La legislazione, che è stata co-sponsorizzata dal repubblicano Dave McCormick e dai democratici Jeanne Shaheen e Andy Kim, rappresenta un raro sforzo condotto in parte dal partito di Trump per impedirgli di allentare ulteriormente le restrizioni sulle esportazioni tecnologiche nei confronti della Cina.
Di fronte ai nuovi limiti cinesi all’esportazione dei metalli delle terre rare su cui fanno affidamento le aziende tecnologiche globali, il Dipartimento del Commercio di Trump ha imposto e poi annullato i limiti sui chip AI H20 di Nvidia, una mossa che è stata criticata dal rappresentante repubblicano John Moolenaar, che presiede il Comitato ristretto della Camera sulla Cina.

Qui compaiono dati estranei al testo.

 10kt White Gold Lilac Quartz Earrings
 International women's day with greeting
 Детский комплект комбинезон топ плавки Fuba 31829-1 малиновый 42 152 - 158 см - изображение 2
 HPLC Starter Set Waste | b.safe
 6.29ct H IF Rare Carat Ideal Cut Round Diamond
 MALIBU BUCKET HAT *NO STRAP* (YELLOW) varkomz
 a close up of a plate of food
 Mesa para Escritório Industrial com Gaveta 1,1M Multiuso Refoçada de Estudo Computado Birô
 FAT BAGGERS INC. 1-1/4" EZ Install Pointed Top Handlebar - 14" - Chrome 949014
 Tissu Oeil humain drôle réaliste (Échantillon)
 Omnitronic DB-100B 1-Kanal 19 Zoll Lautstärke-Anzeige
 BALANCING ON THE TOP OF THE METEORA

Nell’ambito dei negoziati con la Cina per ritardare i propri controlli sulle terre rare, Trump ha rinviato di un anno una regola che limitava le esportazioni tecnologiche statunitensi a unità di società cinesi già inserite nella lista nera e si è impegnato a revocare una regola dell’era Biden che limitava le esportazioni di chip di intelligenza artificiale a livello globale verso paesi basati in parte sulle preoccupazioni relative al contrabbando di chip verso la Cina.
Il disegno di legge arriva mentre l’amministrazione Trump valuta il via libera alle vendite dei chip di intelligenza artificiale H200 di Nvidia in Cina. I falchi cinesi a Washington temono che Pechino possa utilizzare i preziosi chip per potenziare il proprio esercito con armi basate sull’intelligenza artificiale e capacità di intelligence e sorveglianza più potenti.